What the task asks
Taking the line that contains "2010 Bengt Larsson" as the starting point, give again exactly every line up to and including the last line of the records below.

Dataset excerpts:
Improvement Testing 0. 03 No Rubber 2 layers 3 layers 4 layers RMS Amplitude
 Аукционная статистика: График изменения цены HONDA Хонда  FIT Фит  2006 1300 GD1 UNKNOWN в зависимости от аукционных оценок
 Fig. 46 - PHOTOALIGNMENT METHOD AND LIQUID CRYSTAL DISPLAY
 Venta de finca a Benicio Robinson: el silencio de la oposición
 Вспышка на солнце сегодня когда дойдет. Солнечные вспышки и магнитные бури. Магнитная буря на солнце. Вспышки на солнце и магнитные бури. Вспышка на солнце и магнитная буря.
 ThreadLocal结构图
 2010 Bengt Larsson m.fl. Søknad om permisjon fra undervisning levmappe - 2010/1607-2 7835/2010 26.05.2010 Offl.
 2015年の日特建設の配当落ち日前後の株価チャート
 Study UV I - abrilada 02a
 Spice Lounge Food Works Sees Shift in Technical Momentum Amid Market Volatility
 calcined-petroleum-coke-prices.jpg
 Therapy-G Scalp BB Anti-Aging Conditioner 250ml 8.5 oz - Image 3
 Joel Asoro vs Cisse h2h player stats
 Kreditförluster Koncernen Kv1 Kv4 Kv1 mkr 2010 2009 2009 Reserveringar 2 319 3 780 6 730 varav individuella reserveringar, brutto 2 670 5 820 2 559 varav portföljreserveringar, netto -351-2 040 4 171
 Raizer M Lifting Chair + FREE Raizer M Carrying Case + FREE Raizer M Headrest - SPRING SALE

Response for this exercise
 2010 Bengt Larsson m.fl. Søknad om permisjon fra undervisning levmappe - 2010/1607-2 7835/2010 26.05.2010 Offl.
 2015年の日特建設の配当落ち日前後の株価チャート
 Study UV I - abrilada 02a
 Spice Lounge Food Works Sees Shift in Technical Momentum Amid Market Volatility
 calcined-petroleum-coke-prices.jpg
 Therapy-G Scalp BB Anti-Aging Conditioner 250ml 8.5 oz - Image 3
 Joel Asoro vs Cisse h2h player stats
 Kreditförluster Koncernen Kv1 Kv4 Kv1 mkr 2010 2009 2009 Reserveringar 2 319 3 780 6 730 varav individuella reserveringar, brutto 2 670 5 820 2 559 varav portföljreserveringar, netto -351-2 040 4 171
 Raizer M Lifting Chair + FREE Raizer M Carrying Case + FREE Raizer M Headrest - SPRING SALE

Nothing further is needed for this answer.